Author(s)
Sallie M Long, MD
Michael Hannon, MPA
Siddharth S Kumar, BS
Megan Graham, DNP
Marc A Cohen, MD, MPH
Jennifer R Cracchiolo, MD
Affiliation(s)
NewYork-Presbyterian Hospital/Weill Cornell Medical Center; Patient-Reported Outcomes Center, Department of Surgery, Memorial Sloan Kettering Cancer Center; Health Informatics, Memorial Sloan Kettering Cancer Center; Head and Neck Service, Department of Surgery, Memorial Sloan Kettering Cancer Center
Abstract:
Background: In head and neck surgery, despite significant complexity and high symptom burden, a significant portion of patients’ recovery time is spent at home. We present an electronic platform for remote symptom monitoring developed and implemented for patients with head and neck cancer.
Methods: Post hospital discharge days 1-10, patients report their symptoms via an electronic questionnaire delivered through an in-house developed informatics platform. Head and neck-specific content was developed with input from a multidisciplinary team (physicians, nurses, administrators, patients) and adapted from the National Cancer Institute’s validated symptom assessment instrument (Patient-Reported Outcomes version of the Common Terminology for Adverse Events (PRO-CTCAETM)). Fifteen total symptom domains are assessed using a Likert scale for severity. Moderate severity prompts a “yellow alert,” notifying the nursing team that follow-up with the patient is necessary. Severe symptoms prompt a “red alert,” notifying the nursing team to urgently contact the patient. Patients were considered to be “responders” if they completed at least one survey.

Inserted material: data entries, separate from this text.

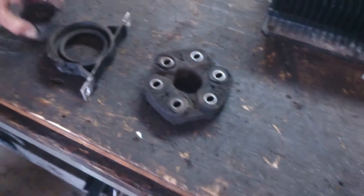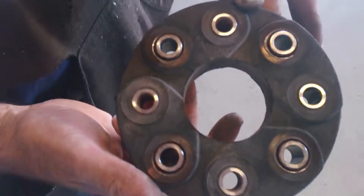But I'll show you what an actual normal hardy disc looks like — this would be a normal hardy disc, even after so many miles.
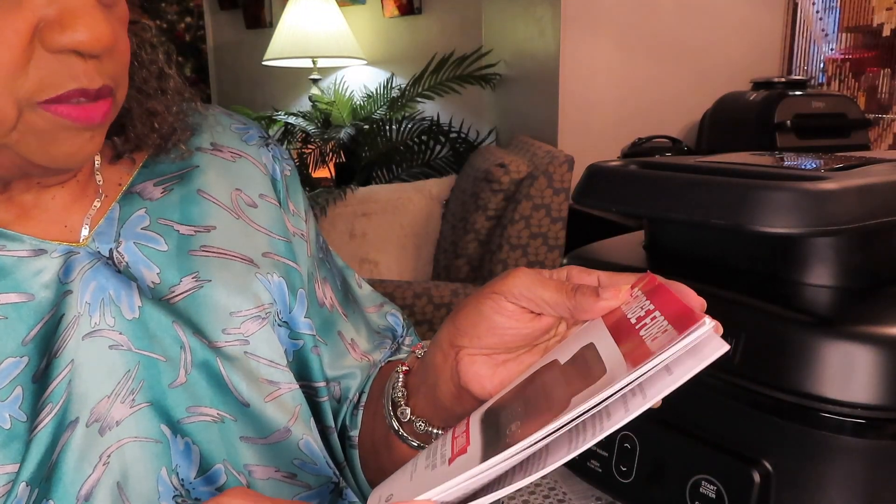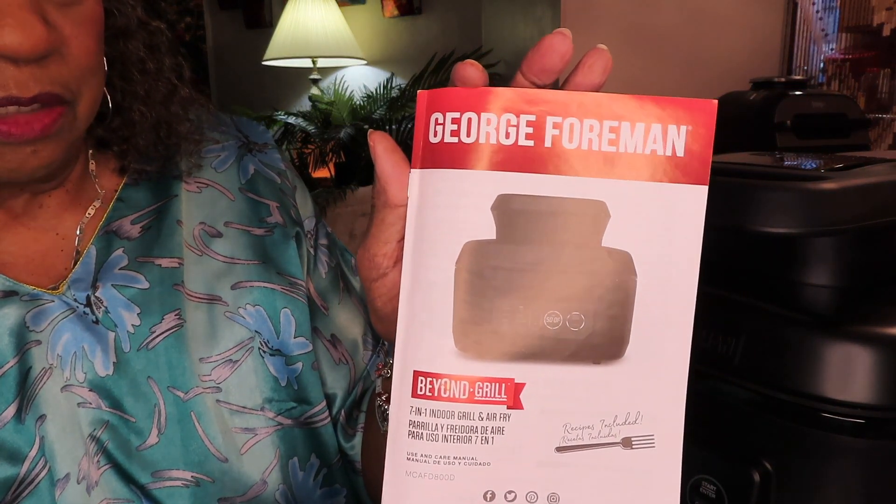It comes with this book — it has a few recipes in it, but you know I don't use any recipe. It says 7-in-1 indoor grill and air fry. It's called the George Foreman Beyond Grill. I like the George Foreman brand. I had a couple of their grills back in the day. I had the little one that would fit two hamburgers, then I got a bigger one that could cook maybe six burgers or steaks. I left my big one at the last house I lived in — just left it in the cabinet because I wasn't going to use it.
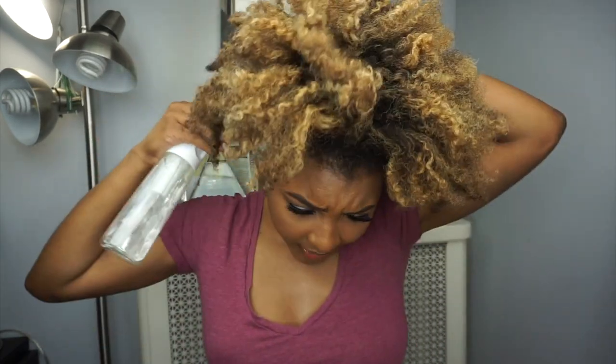The first thing I'm going to do is use my water bottle and just spray the perimeter of my hair, because my hair is dry right now.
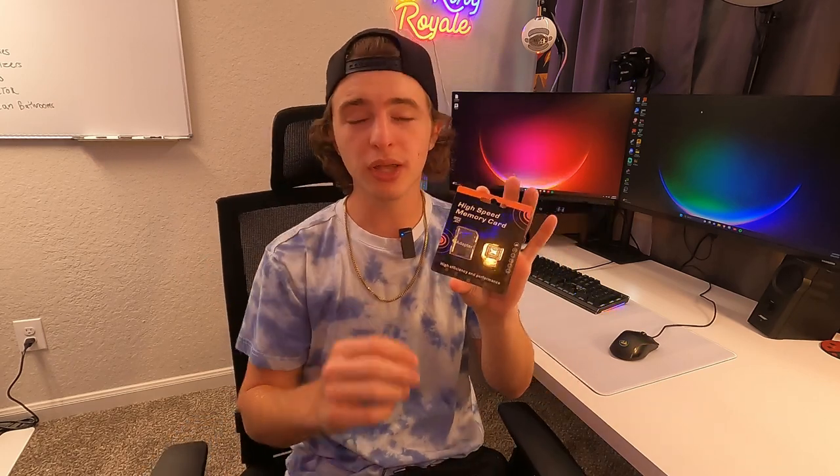If you guys have been researching SD cards for a little, you'll see that they have different classes. This is a U3 V30 A1 class micro SD card, which gives us a read speed of 90 megabytes per second and a write speed of 45 megabytes per second. That is just enough to record 1080p footage, so if you guys are using this for a dash cam or a GoPro like I'm doing here, this is going to work just fine for that.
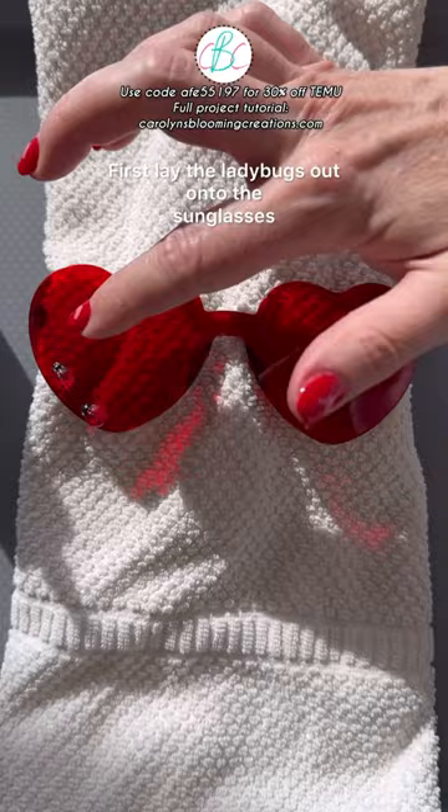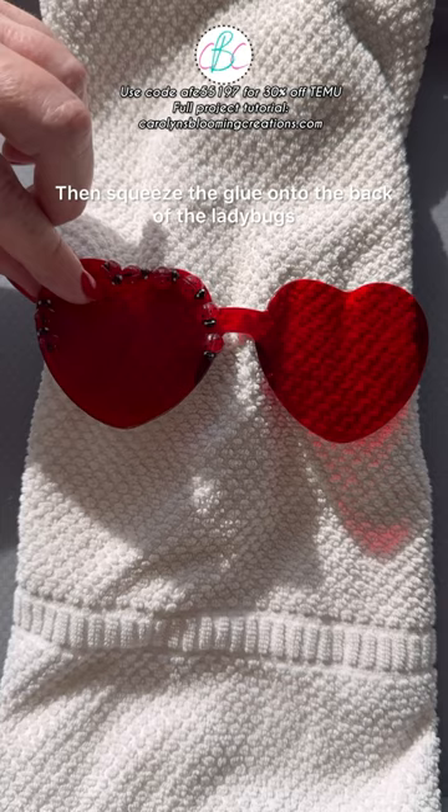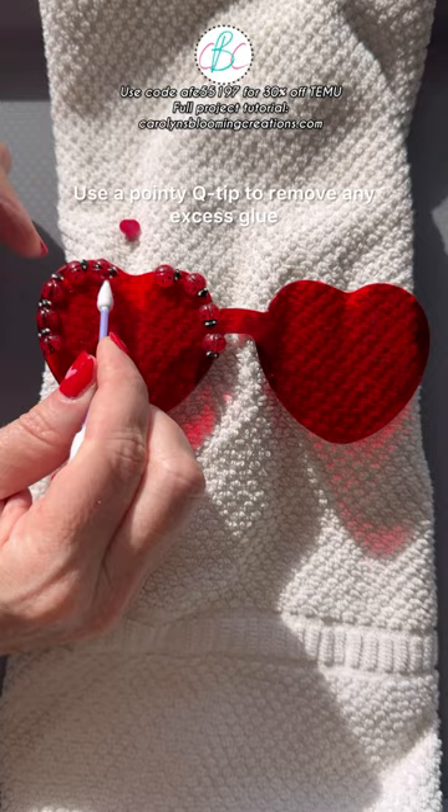First, lay the ladybugs out onto the sunglasses so you can understand what your final design will look like. Then squeeze the glue onto the back of the ladybugs and stick them to the sunglasses. Use a pointy Q-tip to remove any excess glue if it oozes out. Continue gluing them on until your design is complete.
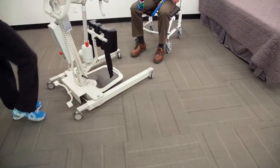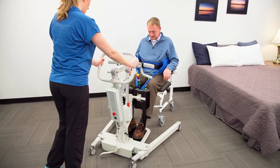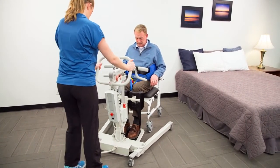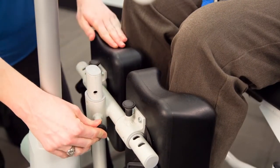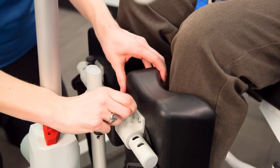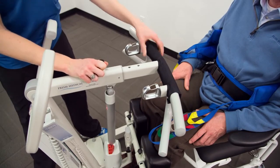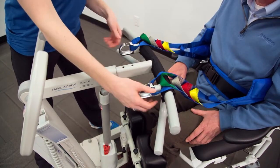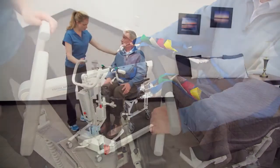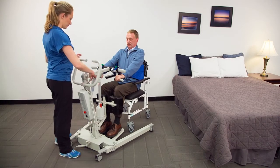With the sling properly applied to the patient, spread the device's legs if needed and move the lift towards the patient. Have them place their feet fully on the footplate and shins against the shin pads. Lock the wheels. Adjust the height of the shin pads so the top of the pads are two to three inches below the patient's knee. Adjust the width of the shin pads so the patient's shins are vertical. Secure the safety strap around the patient's legs. Adjust the yoke to the desired length to reach the patient and connect the sling loops to the connection hooks. Once connected, instruct the patient to hold on to the grab handles and lean back into the sling. Check that the loops are properly connected to the hooks.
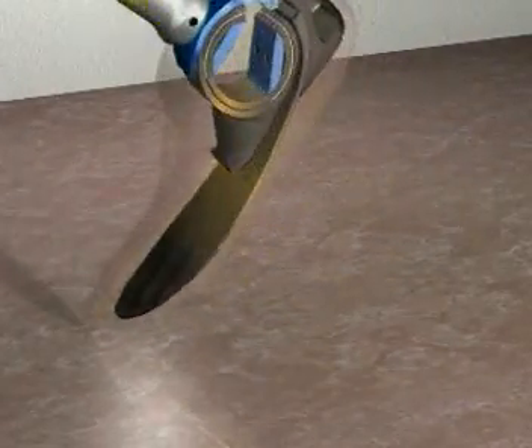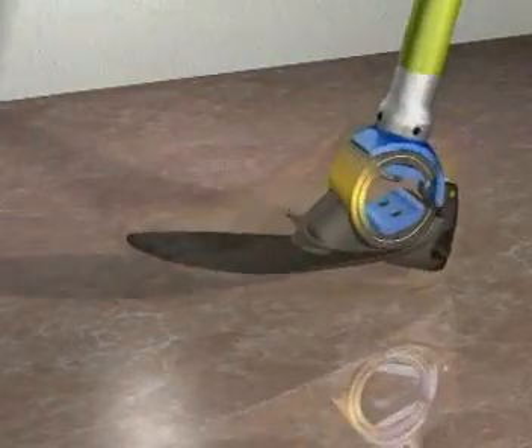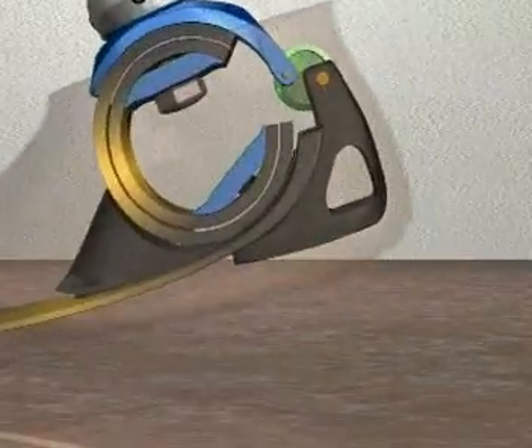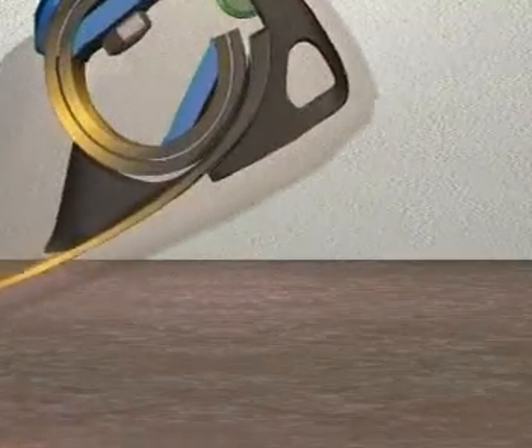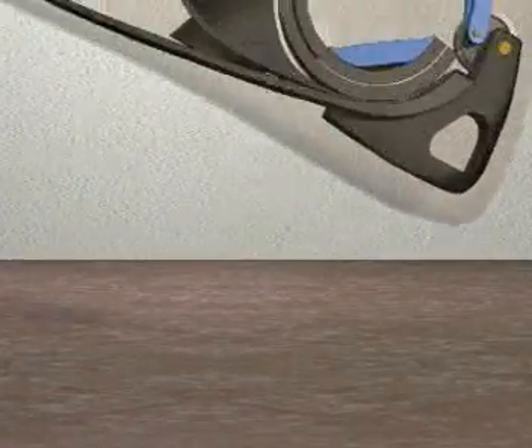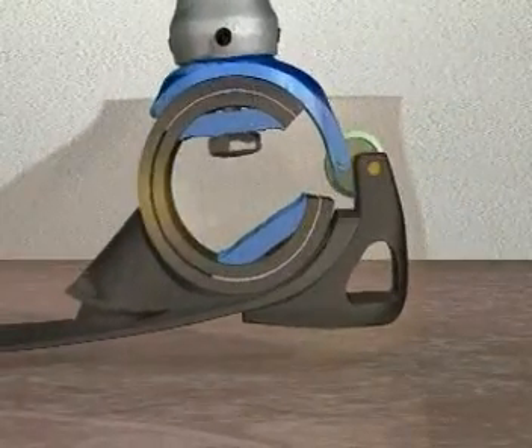During initial forefoot loading, the sea spring will automatically open. This deflection of the sea spring is limited by the control ring, as highlighted in green. As the sea spring approaches its limit, the dorsiflexion spring is gradually flexed, resulting in a smooth controlled rollover resistance.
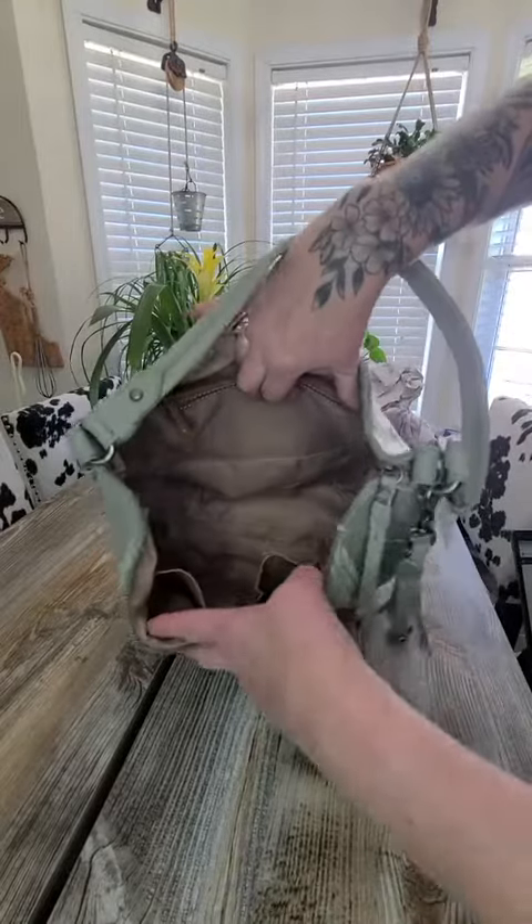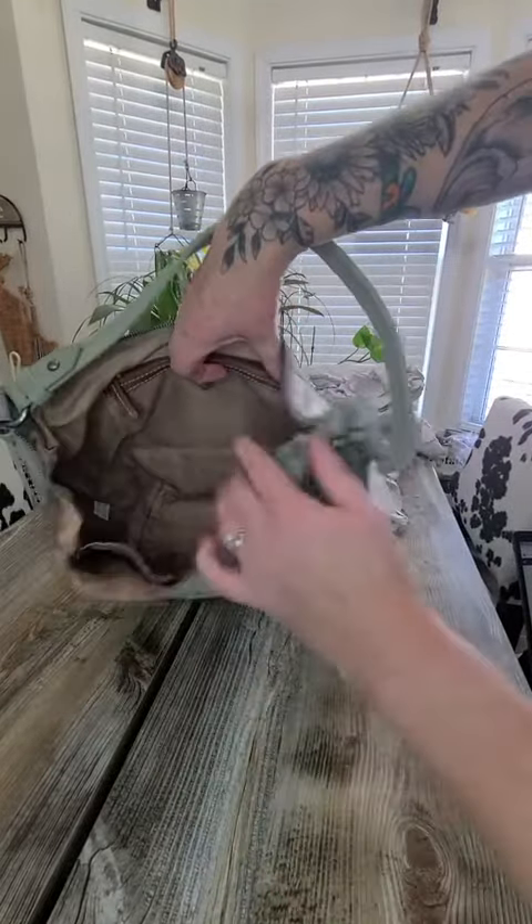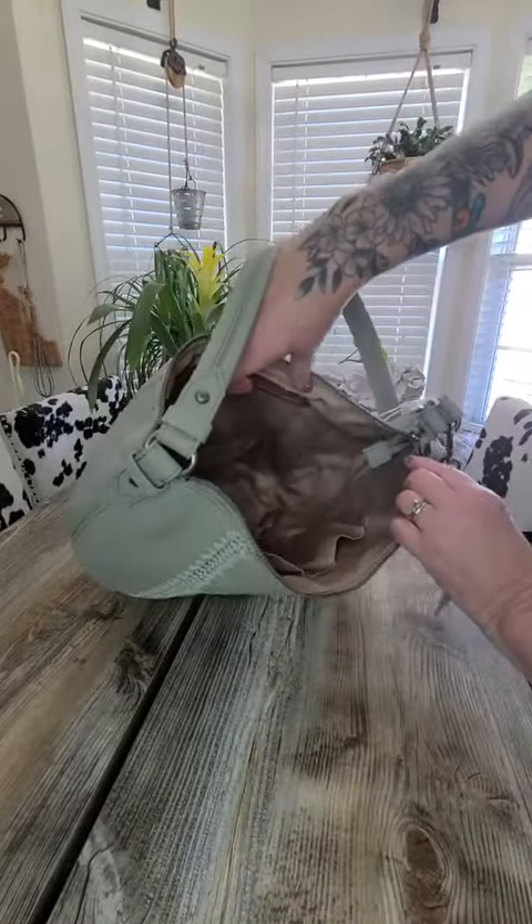Hi guys, this is Jamie, and I have you in my kitchen because today I'm going to talk to you about this bag — this leather bag. It is a hobo bag; it's leather, it's soft, it's slouchy, it's silhouette, it's really a pretty sage color bag. So let's start.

Results: From 5/4/21—2/1/22, 339 head and neck surgical discharges have been enrolled in remote symptom monitoring, of which 256 (76%) were responders. The median time for survey completion was 1 minute and a median of 5 out of 10 surveys were completed. 54.7% of responders (n=140) generated an alert, of which 29% (n=40) were “red” (severe) and 71% (n=100) were “yellow” (moderate). Across the whole cohort, pain was the most common cause for alert (n=6 red, 2%; n=29 yellow, 11%), followed by constipation (n=21 yellow, 8%).
Conclusion: The implementation of this platform has allowed for head and neck surgical patients to be closely monitored after discharge. This is feasible and over 3/4 of patients respond at home. Electronic reporting provides an additional mechanism of communication between the patient and the clinical team, with the potential for early intervention. Further research is ongoing to determine if remote monitoring results in improved clinical outcomes and decreased acute care visits.